Stored entries:
= = = = =
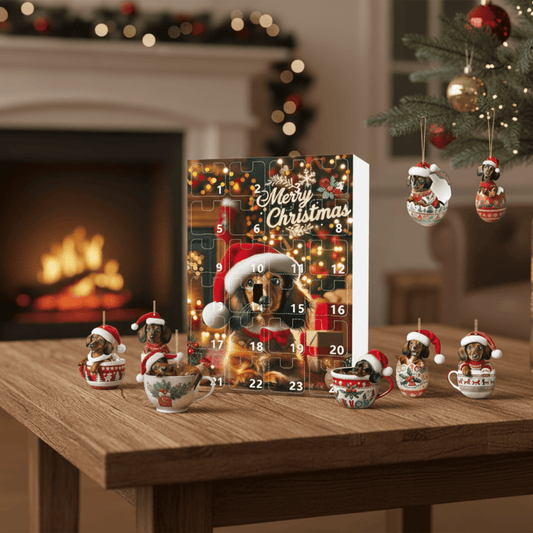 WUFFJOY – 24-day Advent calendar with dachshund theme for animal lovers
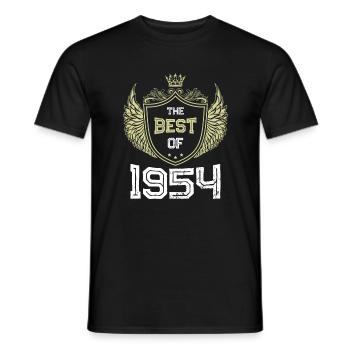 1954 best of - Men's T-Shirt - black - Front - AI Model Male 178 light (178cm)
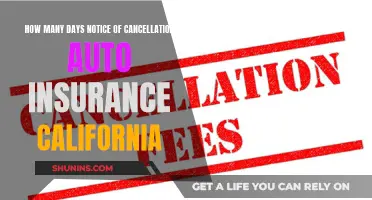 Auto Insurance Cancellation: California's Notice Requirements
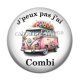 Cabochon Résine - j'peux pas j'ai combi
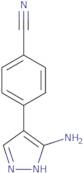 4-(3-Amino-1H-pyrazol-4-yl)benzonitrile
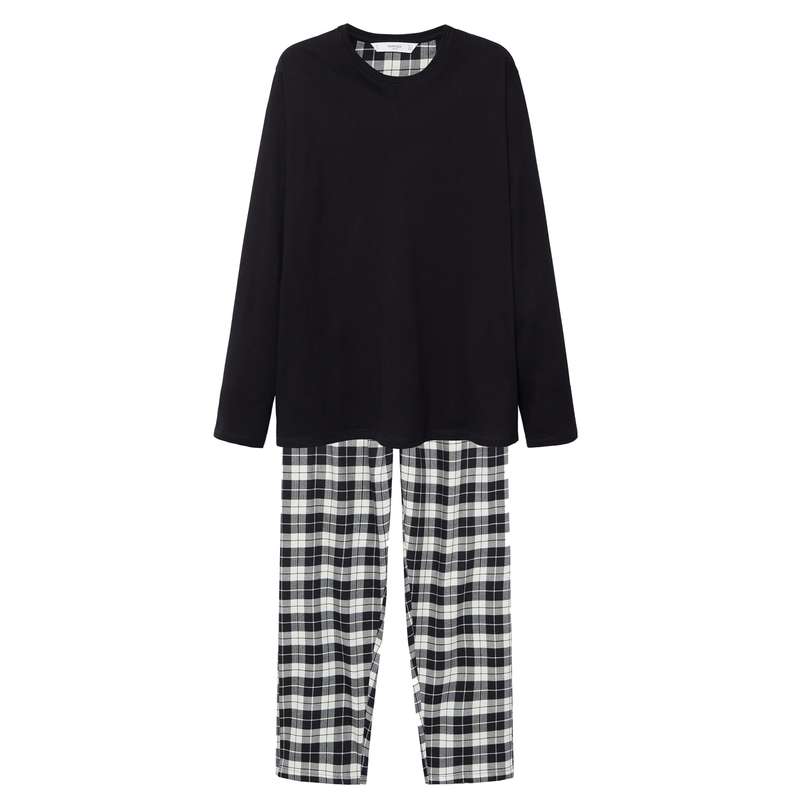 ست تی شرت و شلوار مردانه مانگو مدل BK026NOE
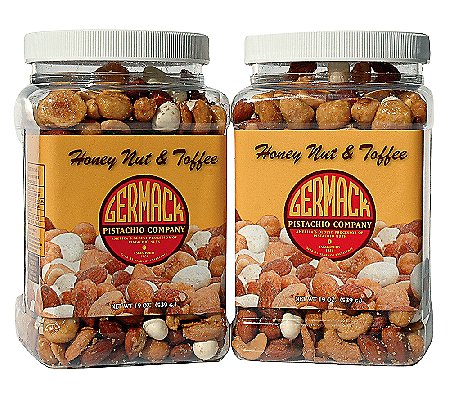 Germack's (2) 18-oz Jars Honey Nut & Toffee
= = = = =
DIRECTIONS: Keep every word of the lines above unchanged in the copy, and omit the pictures.

ANSWER FOR THIS EXERCISE:
 WUFFJOY – 24-day Advent calendar with dachshund theme for animal lovers
 1954 best of - Men's T-Shirt - black - Front - AI Model Male 178 light (178cm)
 Auto Insurance Cancellation: California's Notice Requirements
 Cabochon Résine - j'peux pas j'ai combi
 4-(3-Amino-1H-pyrazol-4-yl)benzonitrile
 ست تی شرت و شلوار مردانه مانگو مدل BK026NOE
 Germack's (2) 18-oz Jars Honey Nut & Toffee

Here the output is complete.